The first step is to listen to what your son is telling you. Ask questions. If the answers indicate he doesn't seem to understand a situation he was in, explain it to him. If he doesn't know how to deal with something, help him figure it out. Tell him the rules. (This may be hard for you because you may not ever have had to think consciously about them before.) Tell him if learns the rules he can get other people to stop bothering him without hitting them and getting in trouble.
If your son says another child stinks, it's possible he means that literally, not judgmentally, and is commenting on the phenomenon. Ask him what he means: do they smell like laundry detergent? Like onions? Explain that people sometimes do smell differently, and come up with some reasons why. Ask him if he can think of any. Then say while it's always okay to ask you or his dad for information, in our society it is not polite to comment to other people on other people's smells. If he wants to know why he has to be polite, explain to him that politeness is how we get along with each other without making other people mad, so people are happy to be with each other. (If he persists, explain to him about social rules.)
If he says children are bothering him, find out how. Six-and seven-year olds, even well-meaning, well-behaved ones, do bother each other. They don't yet have the empathy to understand how the other child feels in all but obvious situations (they pretty much know not to hit, or take toys away, but maybe not to refrain from saying, "Ha, ha, I won!").
For some things (maybe another child likes to touch your son's cool bear hat), you may be able offer a suggestion of how to fix the problem, or better, ask him if he can think of a way of fixing it. However, it's also possible that things another child has no control over are bothering your son. Maybe someone stands too close, or laughs too much, or has an unpleasant sounding voice. Tell him that you sympathize, but that children cannot help the way they laugh, or talk, or smell, or look; we are polite and kind to everybody, unless they are deliberately doing mean things to us. Tell him that not everybody is bothered by the same things. It's possible there are things about him that might bother another child, but he would still want that kid to be polite and kind to him, right?
Talk to him about being a good friend. Together, come up with a list of things good friends do. Ask which kids in his class might be good friends.
However, also tell him that we don't have to like everybody, but we are polite and kind to everybody. I told my daughter that there were a couple of her friends' parents that I didn't like, and who didn't like me, but that she would never be able to guess who they were because we are polite and kind to each other. I think this almost blew her mind, BTW, she kept asking who they were, but it really got the concept across.

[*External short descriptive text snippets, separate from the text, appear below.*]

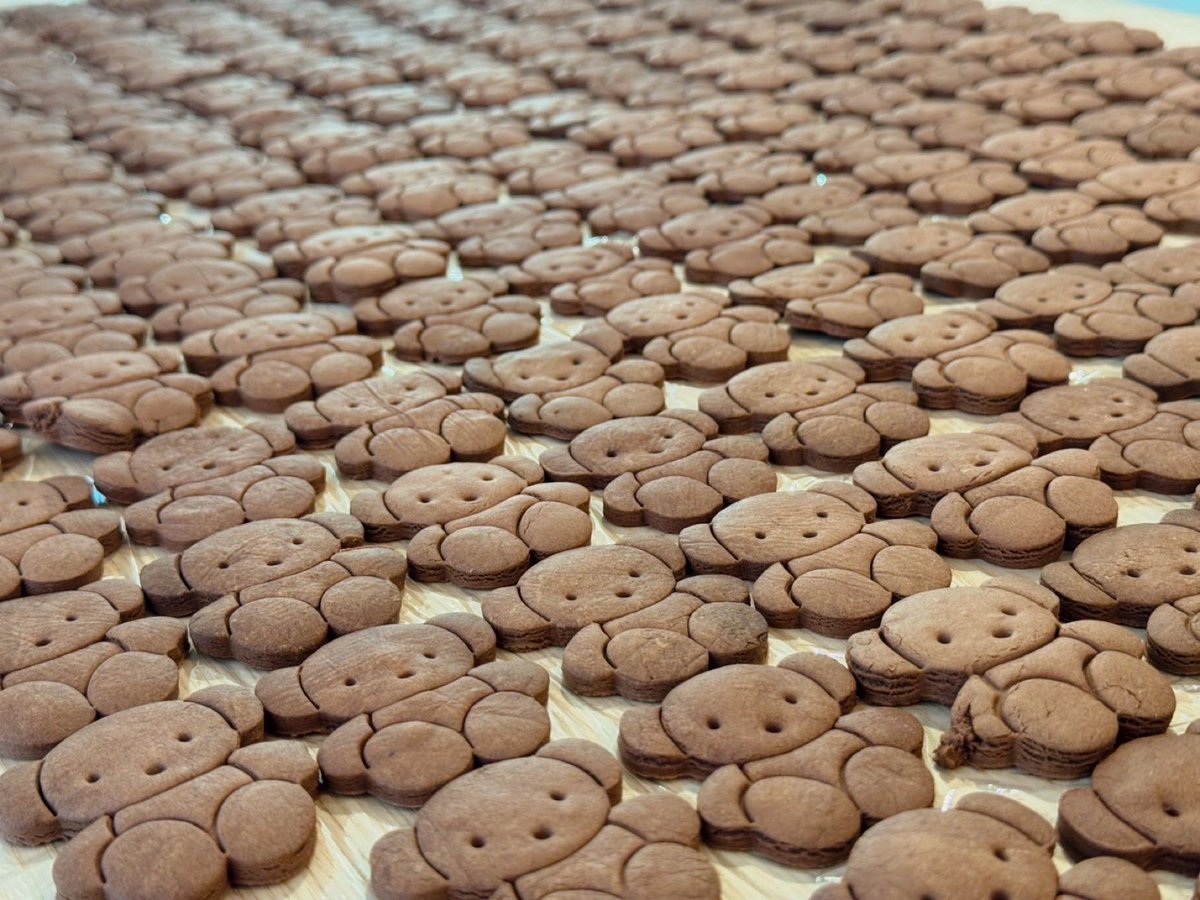 no29h's tweet photo. ボリス郡🍪みて https://t.co/wLUnxldcXw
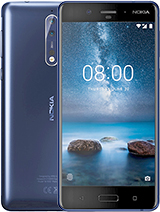 Best available price of Nokia 8 in Fiji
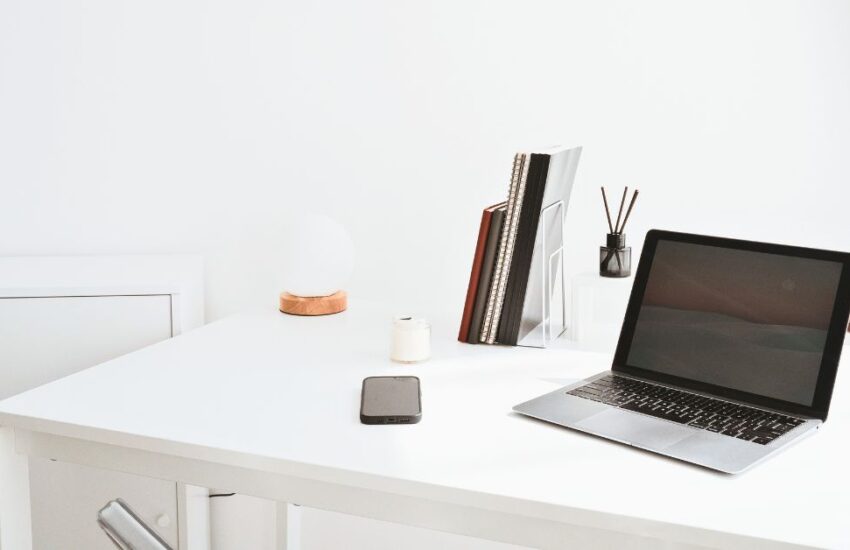 How I Set Up My Bank, Card, and Investment System as a Freelancer
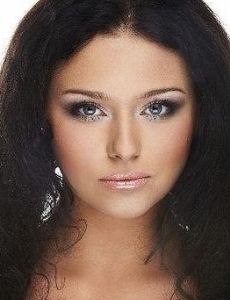 Aleksandra Chebanenko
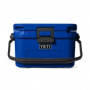 Yeti Roadie 8 Hard Cooler - Royal Blue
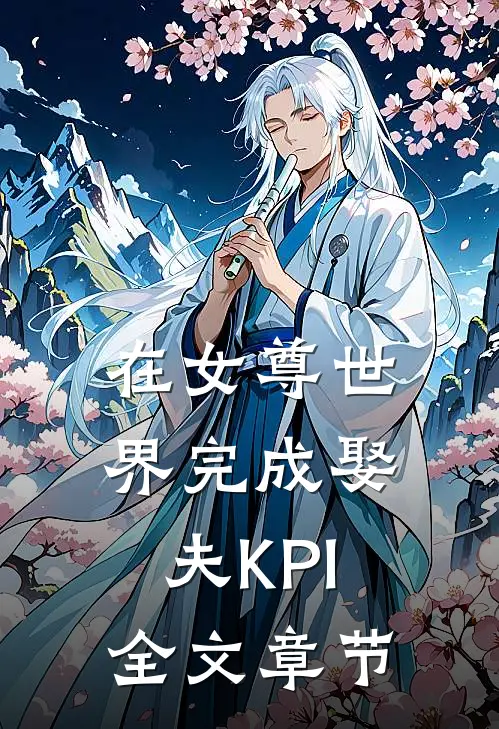 在女尊世界完成娶夫KPI全文章节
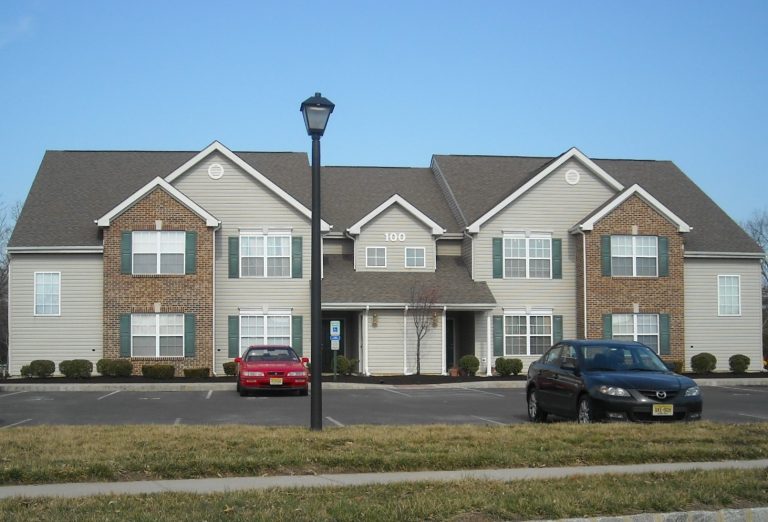 Davenport Village Diocesan Housing Services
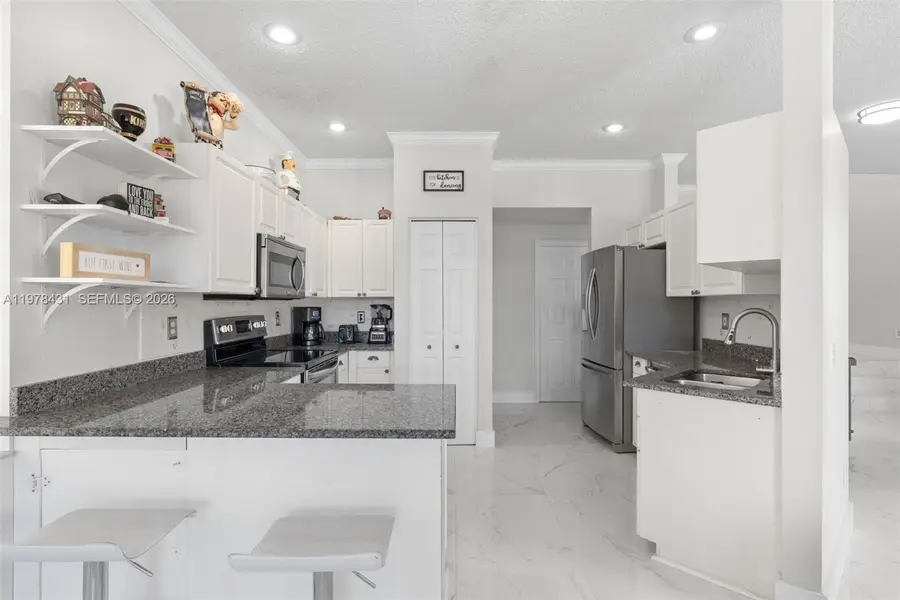 9838 NW 1st Mnr, Coral Springs, FL 33071 - #2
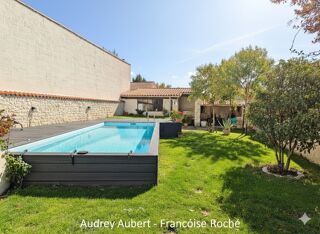  Maison � vendre 4 pi�ces 99 m�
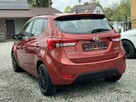 Hyundai ix20 1,4   LED lift 90 tys  przeb. - 3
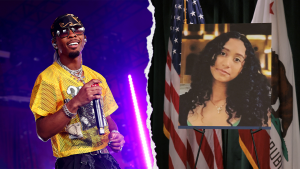 Singer D4vd accused of killing teenager who tried to reveal his secrets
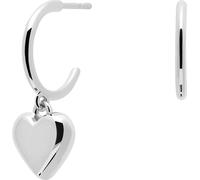 Boucles d'oreilles pendentif collection PDPaola Gold - femme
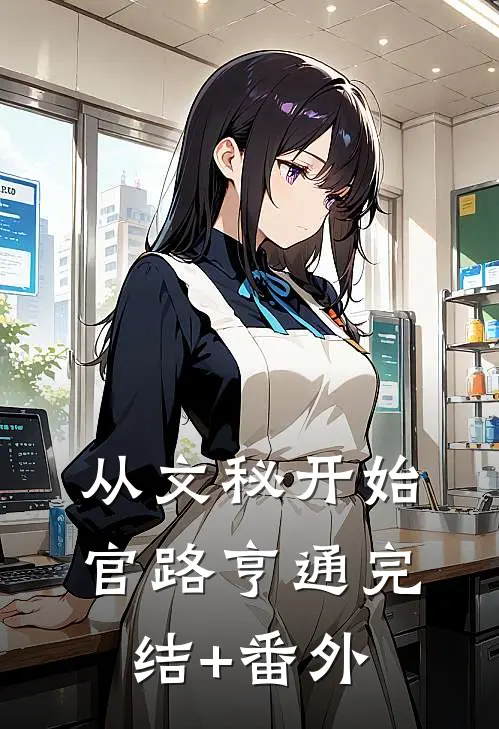 从文秘开始，官路亨通完结+番外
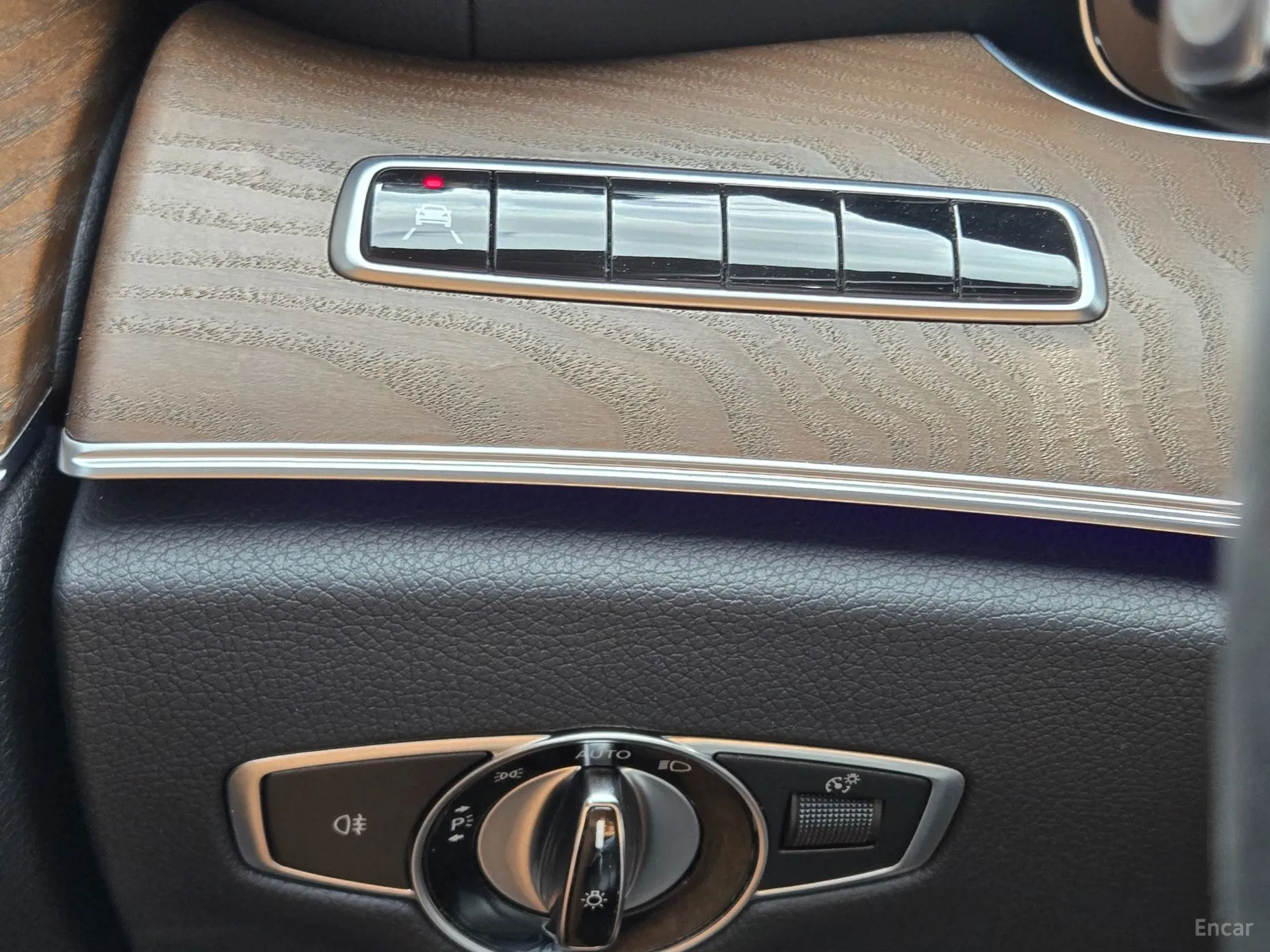 Mercedes Benz E-Class W213 превью 9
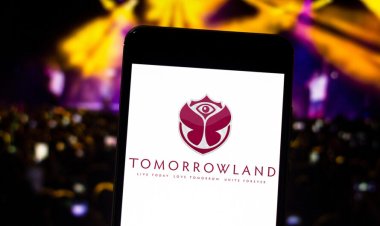 Tomorrowland 2026 Pre-Registration Is Live: Your Journey to Boom Begins Now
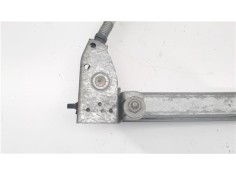 Recambio de mecanismo elevalunas trasero izquierdo para peugeot 406 berlina (s1/s2) referencia OEM IAM 922356 9636319480 9636619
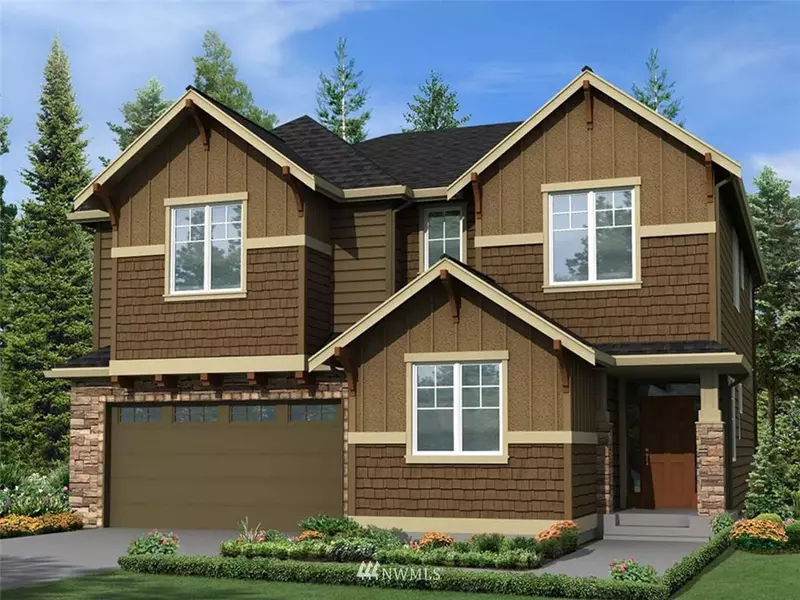 15962 NE 120th ST, Redmond, WA 98052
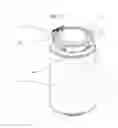 Fig. 06 - HYGIENIC SEAL FOR CONTAINERS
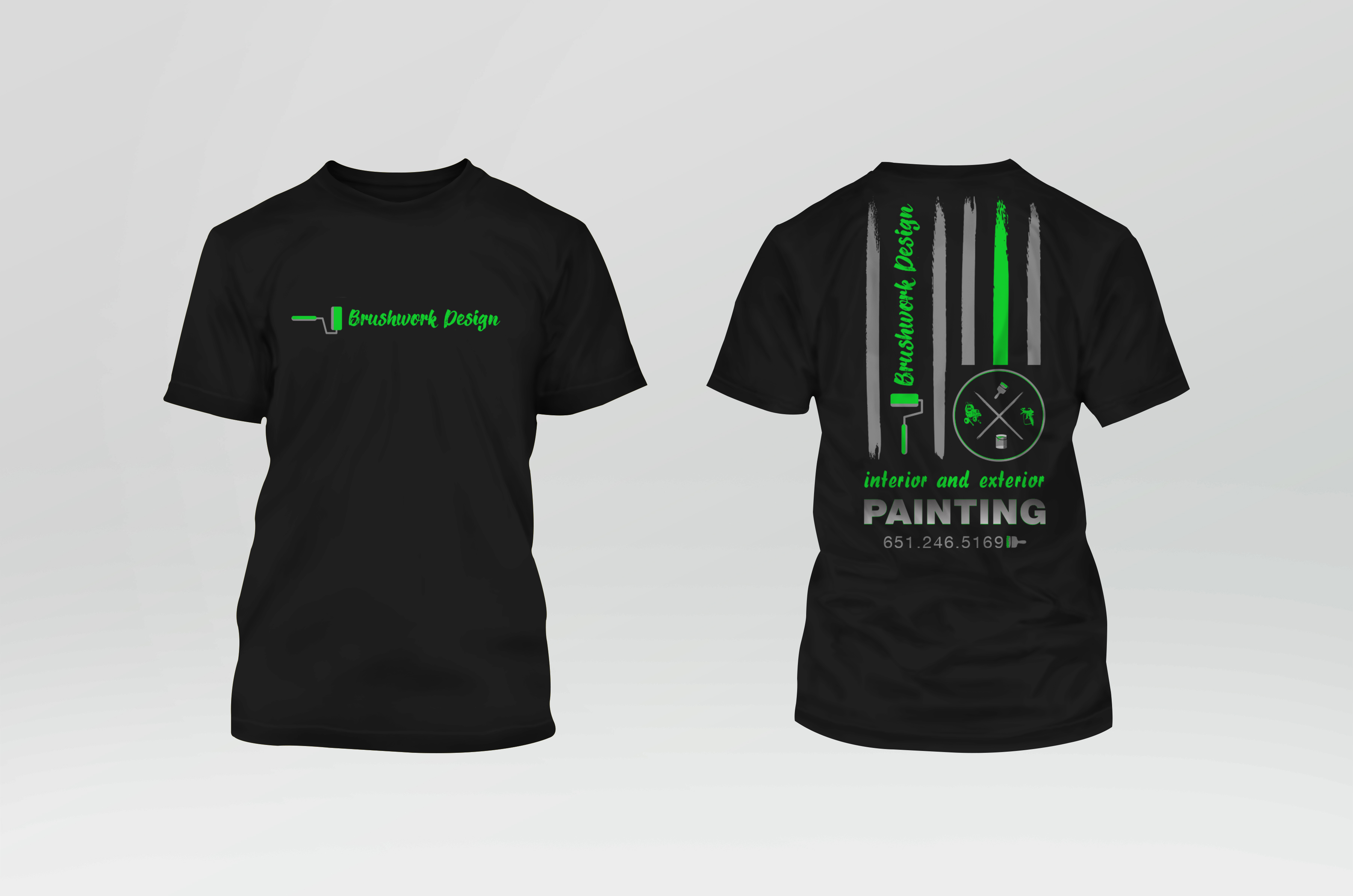 Design de T-shirt par girish pour ce projet | Design #21954357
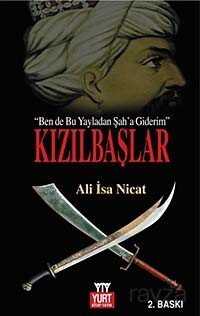 Kızılbaşlar - Yurt Kitap Yayın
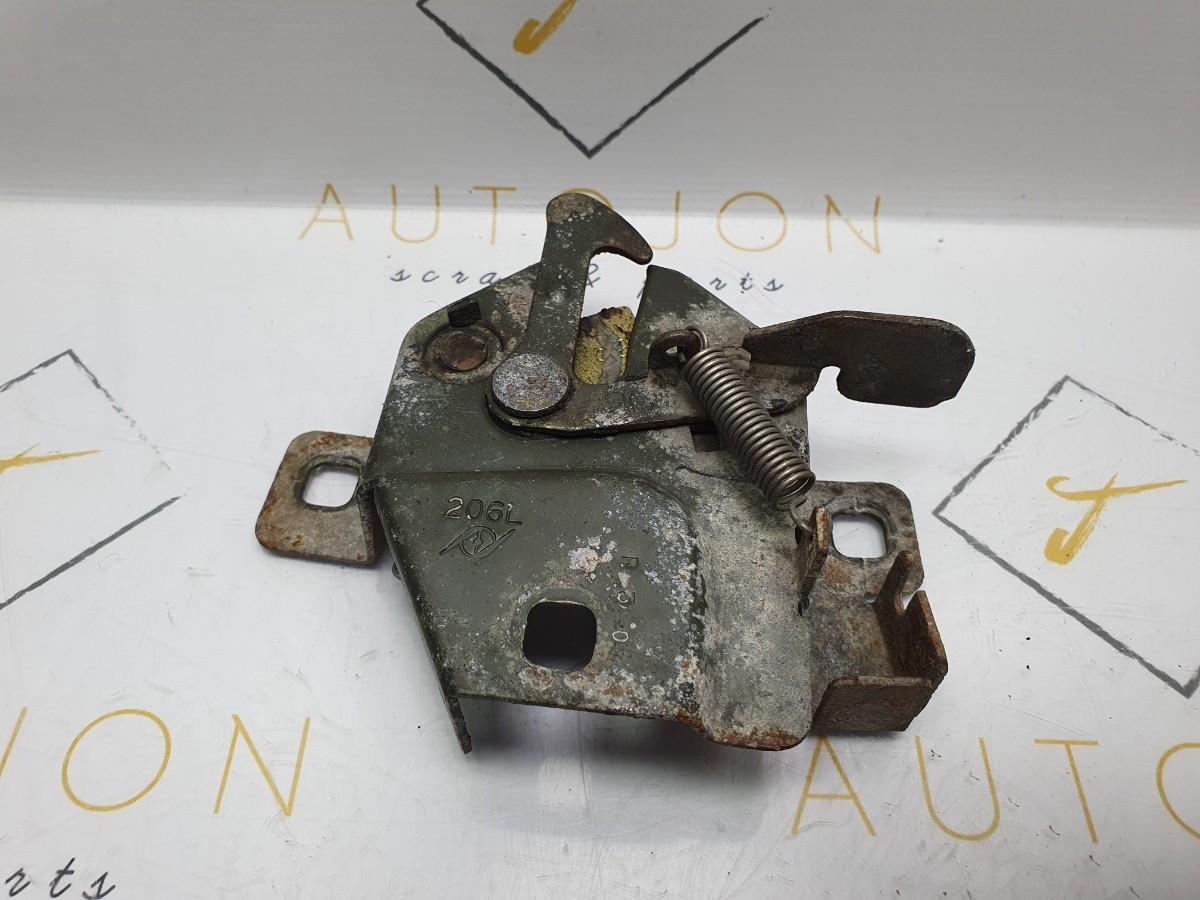 Broasca capota DAIHATSU CUORE V (L7_) [ 1998 - 2003 ] 1.0 (EJ-DE) 40KW|54HP OEM 206L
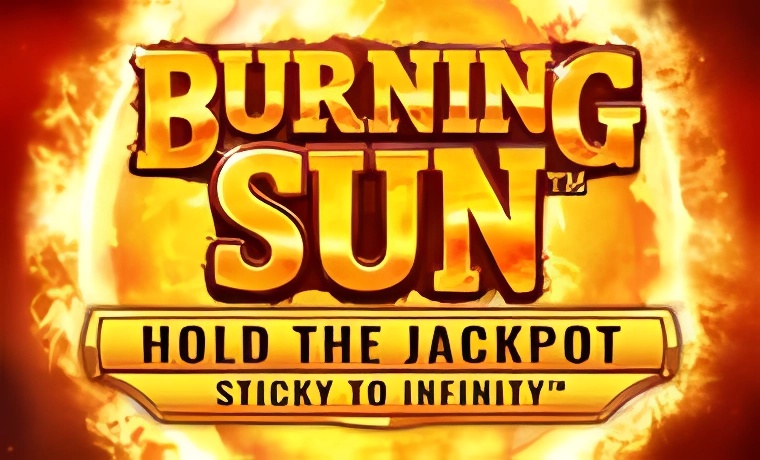 Burning Sun Slot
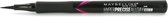 Maybelline Hyper Precise All Day eye pencil Liquide Black Matte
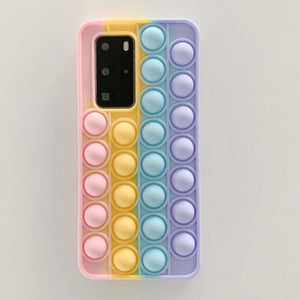 Stress Relieving Phone Case (Samsung) - Premierity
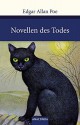 Novellen des Todes - Edgar Allan Poe, John Jac Vrieslander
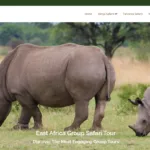 East Africa Group Safari Tour – Nairobi – Kenya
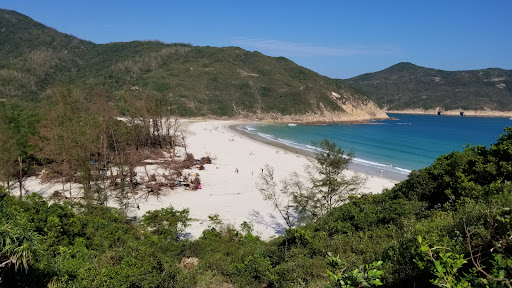 浪茄灣營地 - 第 7 張圖片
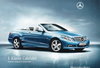 Preisliste Mercedes E Klasse Cabriolet 1 - 2010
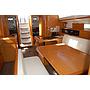 Book yachts online - sailboat - Sun Odyssey 519 - Alboran Champagne (Majorca) - rent
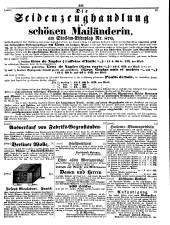 Wiener Zeitung 18501003 Seite: 33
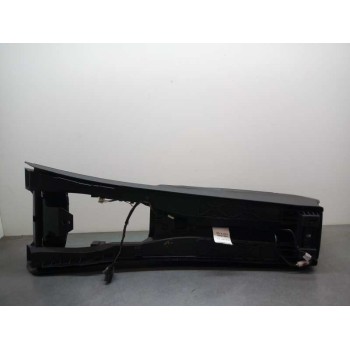 Recambio de apoyabrazos central para mercedes-benz clase c (w204) berlina 2.1 cdi cat referencia OEM IAM A2046800150  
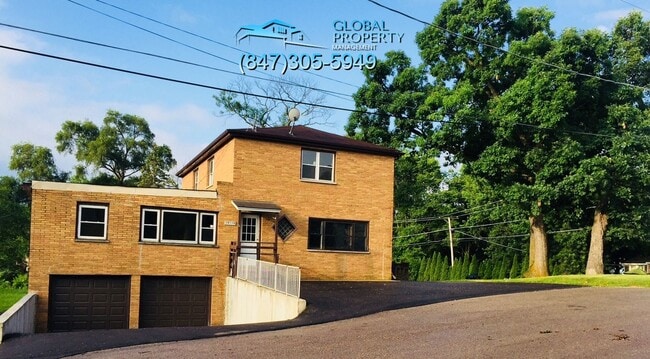 property at 26179 Riverview Dr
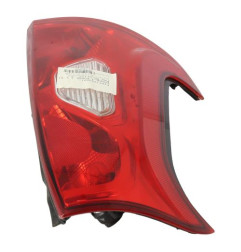 Feu arriere principal gauche (feux) FIAT PANDA 3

Finally, if he is asking for help/information (the inappropriate things he says) and you are responding with dismay and disapproval, it would be natural for him to talk back and otherwise act out. Try to listen to him more. If he does things you don't understand, ask him his reasons. (Yes, all children need to be listened to, but whenever your child has a different temperament than you, it is even more important.)
Consistency between your husband and your self would be ideal, and I agree with Valkyrie that it is necessary for discipline purposes. See both her and balanced mama on what to do when he does misbehave. However, if he is acting out because he is a bright child not getting the answers he needs, he will be helped enormously by even one parent paying attention and explaining things. I find it dismaying that he seems to be confiding in his teacher ("a few kids in my class stink") when he should be confiding in you. I think, however, that if you start trying to understand what's happening with him, if you become his ally in figuring out how to behave and why others behave as they do, he will start confiding in you again. In fact, he will probably return to the common pattern of behaving well at school and acting out at home; but I think his misbehavior at home should decrease substantially.